Christina Tatlow interviewed Justin while they were in England. They discussed the evolution of Blue October, Any Man In America, touring in Europe, Justin Beiber, who he’d like to work with, Up/Down Records, what fans don’t know about the band and much more. Read Christina’s write-up from the interview here.
Detroit Live Magazine has posted a beautiful article reporting on the interview they did with Justin while they were in Detroit for the Any Man In America Tour.
With his angry honest songs, black make-up, painted fingernails, and deep and dark art including poetry and painting, I really had no clue what this interview would hold. Would he be a bitter, dark man, full of scorn and hatred? Would he treat us like any other journalist and photographer, getting us in and out as soon as possible? Would he speak quickly and shortly? Would he hardly speak at all?
I will tell you what I found when I met Justin. I found a man who has more passion and love for his daughter than one could possibly imagine.

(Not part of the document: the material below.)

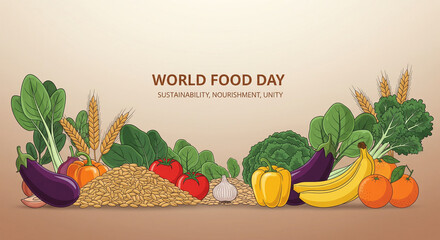 World Food Day illustration featuring fresh vegetables and grains promoting sustainability nourishment and unity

I found a man, who is a bit tormented, a bit angry, a bit bitter, but a good man, a man with a huge heart who just wants to see his daughter.
I sat on the couch next to Justin and through the entire interview he opened up his chest, took out his heart, and laid it on the table. He spoke honestly, intelligently, and openly about his new album, his beautiful little girl, and his current struggles. At times Justin spoke perhaps a little too honestly and out of my pure respect for him, I am leaving out parts in which would be taken the wrong way by the wrong people. I will tell you one thing though, nothing he said was malicious, hateful, or even rude, but with the sensitive situation he is in, certain statements will be omitted from this article. I will log the most important things Justin said and try and reflect the best I can his truest emotions and feelings.
Read the entire article, which discusses the Any Man In America tour and the motivation behind the album, here.
Arthur Kade talked to Justin about Any Man In America, shared parenting, his custody battle, Twilight, the evolution of Blue October and more.
Ultimate Guitar has posted their interview with producer Tim Palmer. In the interview he talked about working on Any Man In America.
Who have been some of the artists you’ve enjoyed working with the most in the studio?
I have a different experience with every project. I learn something new from every situation that I get involved in. It’s very rewarding to make it through to the end and help an artist reach his vision. It doesn’t always work out, but when it does, it’s a great feeling.
I recently produced ‘Any Man In America’ with Justin from Blue October and right from out first meeting I knew it was going to be a creative and challenging process. He was documenting the collapse of his marriage and his struggle to get his fair share of custody of his daughter. We wanted it to be a brutally honest version of his story. The album took us through quite a few styles of music and was a roller coaster ride the whole way. Alongside the usual production and mixing duties I also got to play guitar on the album and do some co-writing. I felt we were all one big team. My three year old daughter even drew an image of Justin that became the album cover. That was a great album to be part of.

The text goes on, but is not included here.